*What is expected:*
If a picture appears in the records below, drop it, and reproduce everything else exactly.

*Exercise data:*
------------------------------------------------------------
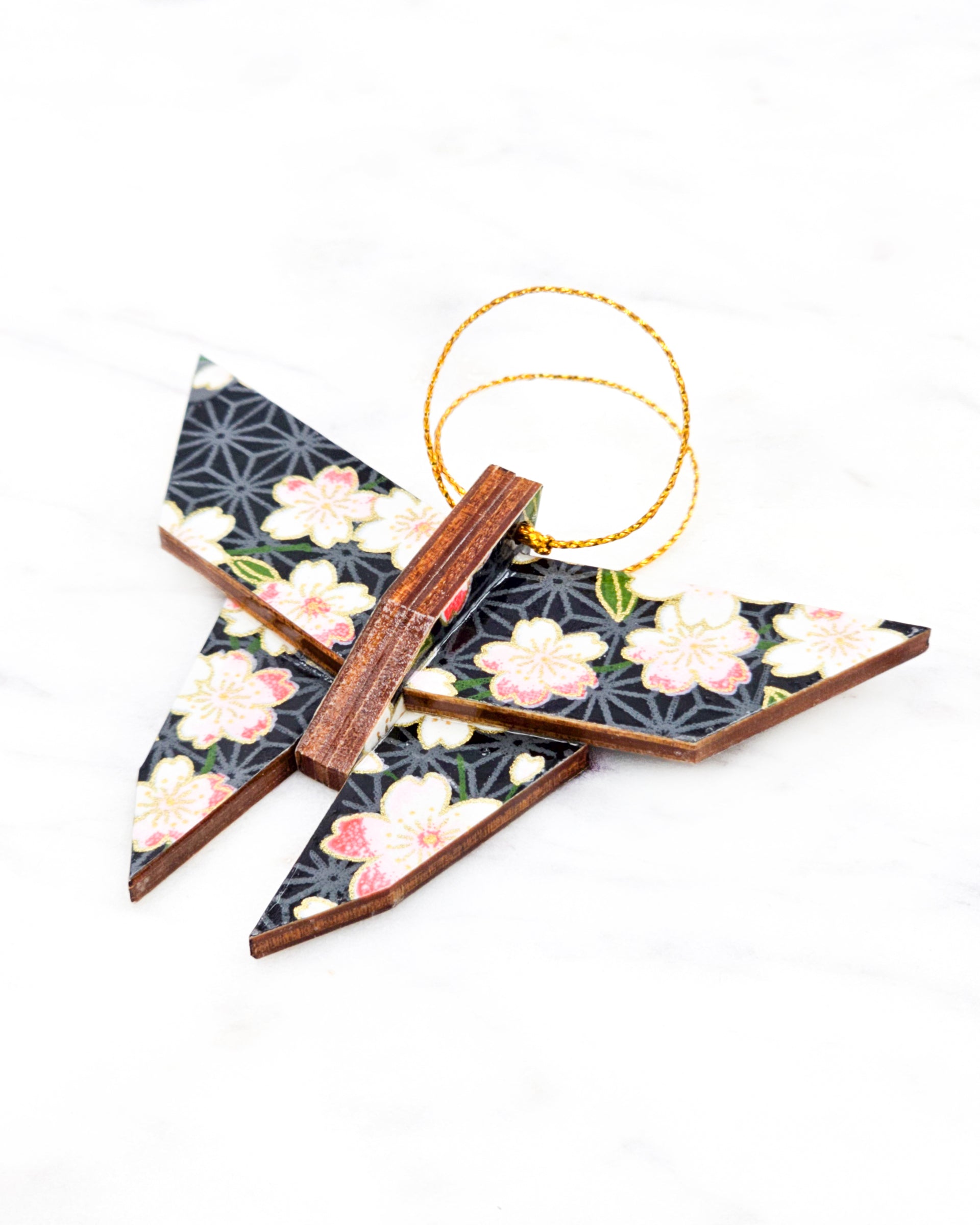 Small wooden origami butterfly ornament featuring pink and white cherry blossoms with green leaves on a black and gray asanoha background with metallic gold details.
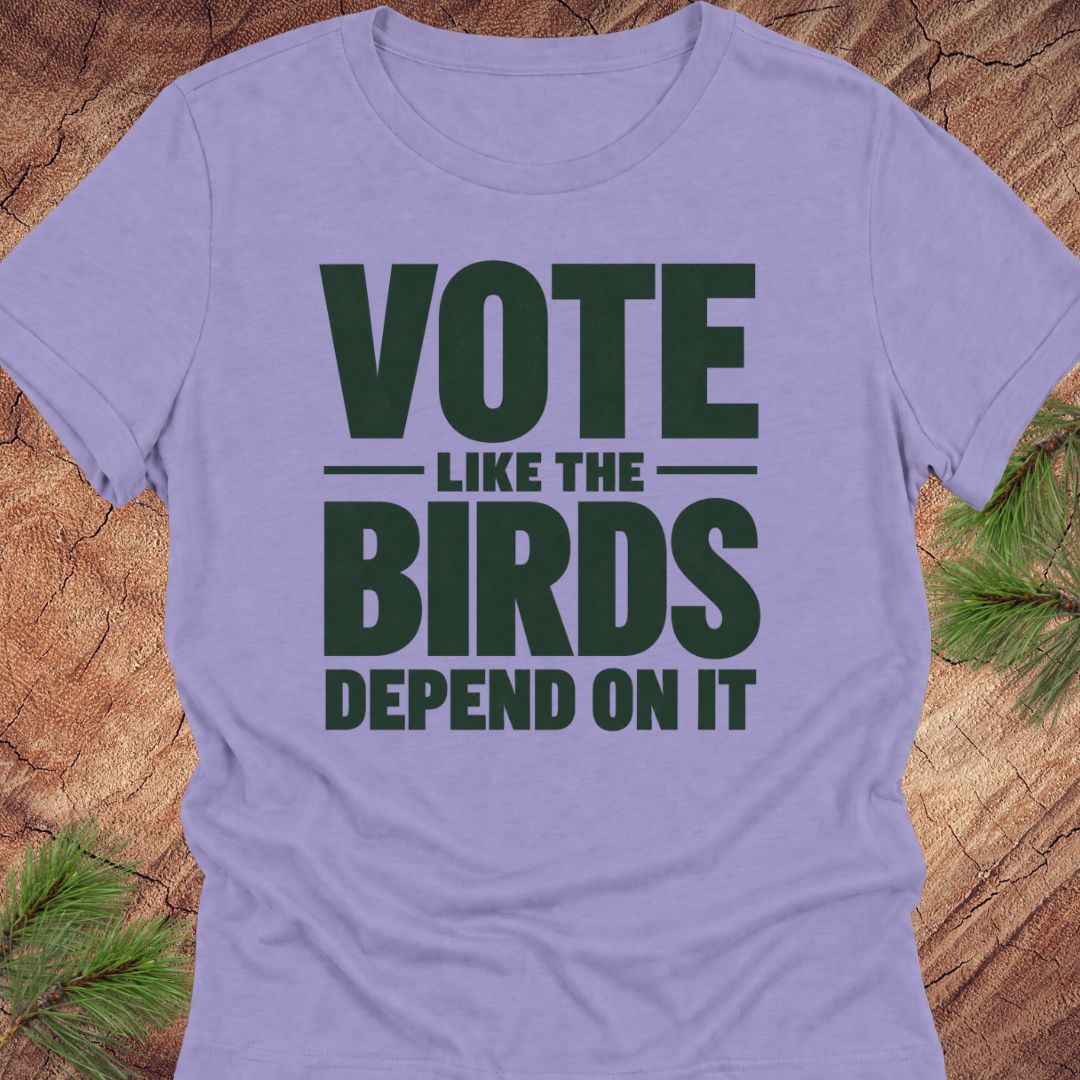 A lavender short-sleeve crewneck t-shirt with a dark green graphic text reading 'VOTE LIKE THE BIRDS DEPEND ON IT', displayed flat on a rustic wood background with pine needles.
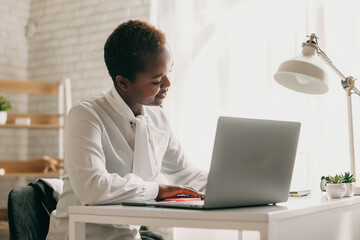 Black student, writing notes, watching webinar on laptop, studying online. Attending virtual business meeting. Seminar.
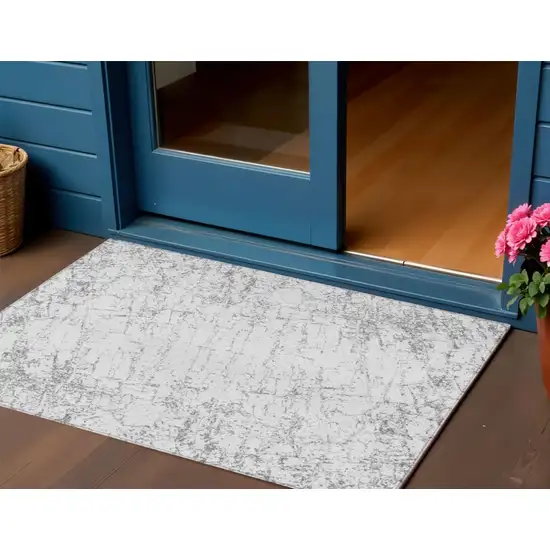 Gray And Ivory Abstract Washable Indoor Outdoor Area Rug Photo 1
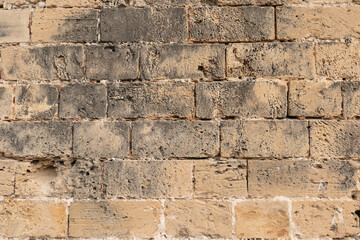 Palma de Mallorca, Spain 29.10.2021: Ancient weathered sandstone wall texture of La Almudaina Palace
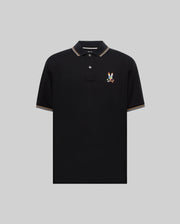 Mens Ara Pique Polo in classic fit black pique, featuring a colorful embroidered Psycho Bunny skull logo on the left chest and tri-stripe tipping on the collar and cuffs.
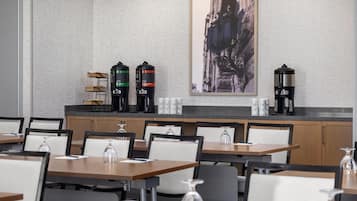 A modern hotel dining area with multiple tables and chairs, a coffee station with three coffee makers, and a framed cityscape artwork on the wall.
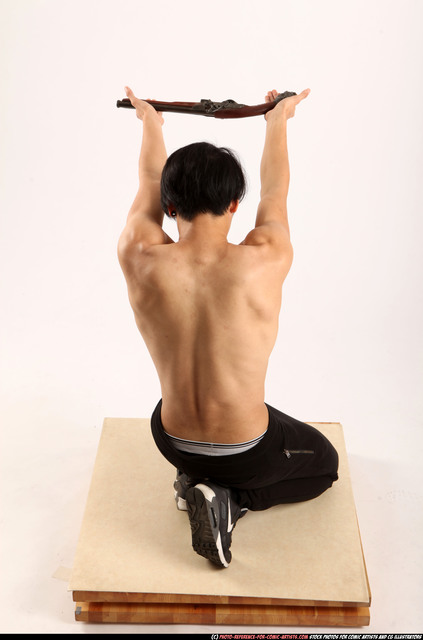 Man Young Athletic Holding Kneeling poses Pants Asian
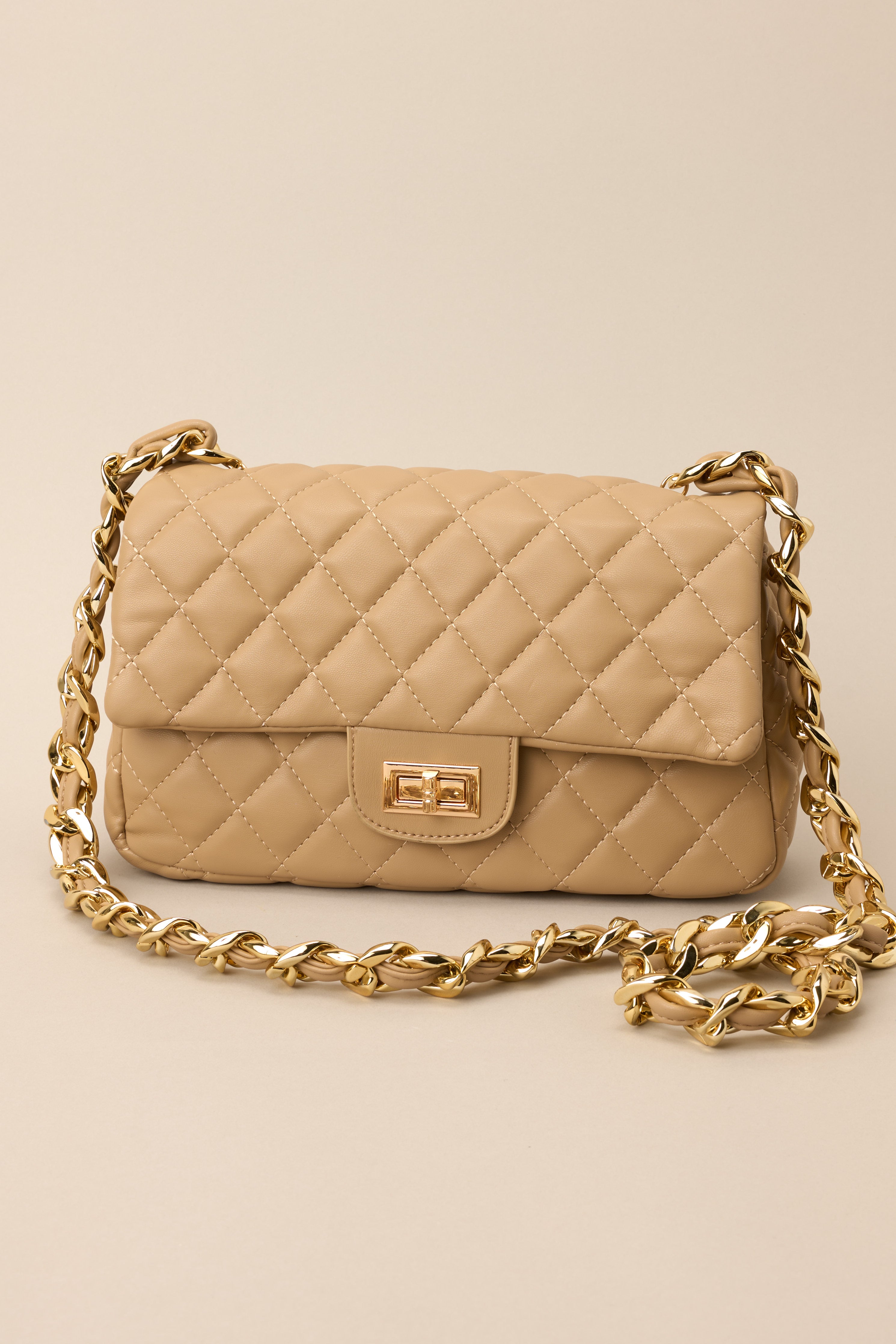Compact tan bag featuring quilted exterior, chain shoulder strap, and polished gold accents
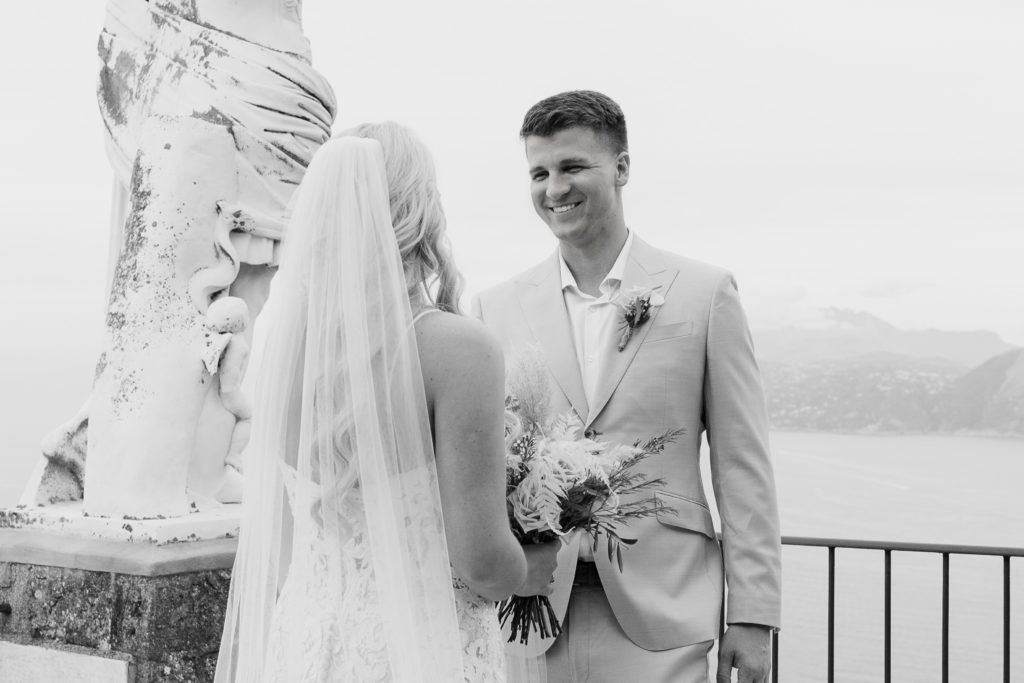 Man smiling after seeing his wife for the first time all dressed up before their Capri elopement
------------------------------------------------------------
*Problem solution:*
 Small wooden origami butterfly ornament featuring pink and white cherry blossoms with green leaves on a black and gray asanoha background with metallic gold details.
 A lavender short-sleeve crewneck t-shirt with a dark green graphic text reading 'VOTE LIKE THE BIRDS DEPEND ON IT', displayed flat on a rustic wood background with pine needles.
 Black student, writing notes, watching webinar on laptop, studying online. Attending virtual business meeting. Seminar.
 Gray And Ivory Abstract Washable Indoor Outdoor Area Rug Photo 1
 Palma de Mallorca, Spain 29.10.2021: Ancient weathered sandstone wall texture of La Almudaina Palace
 Mens Ara Pique Polo in classic fit black pique, featuring a colorful embroidered Psycho Bunny skull logo on the left chest and tri-stripe tipping on the collar and cuffs.
 A modern hotel dining area with multiple tables and chairs, a coffee station with three coffee makers, and a framed cityscape artwork on the wall.
 Man Young Athletic Holding Kneeling poses Pants Asian
Compact tan bag featuring quilted exterior, chain shoulder strap, and polished gold accents
 Man smiling after seeing his wife for the first time all dressed up before their Capri elopement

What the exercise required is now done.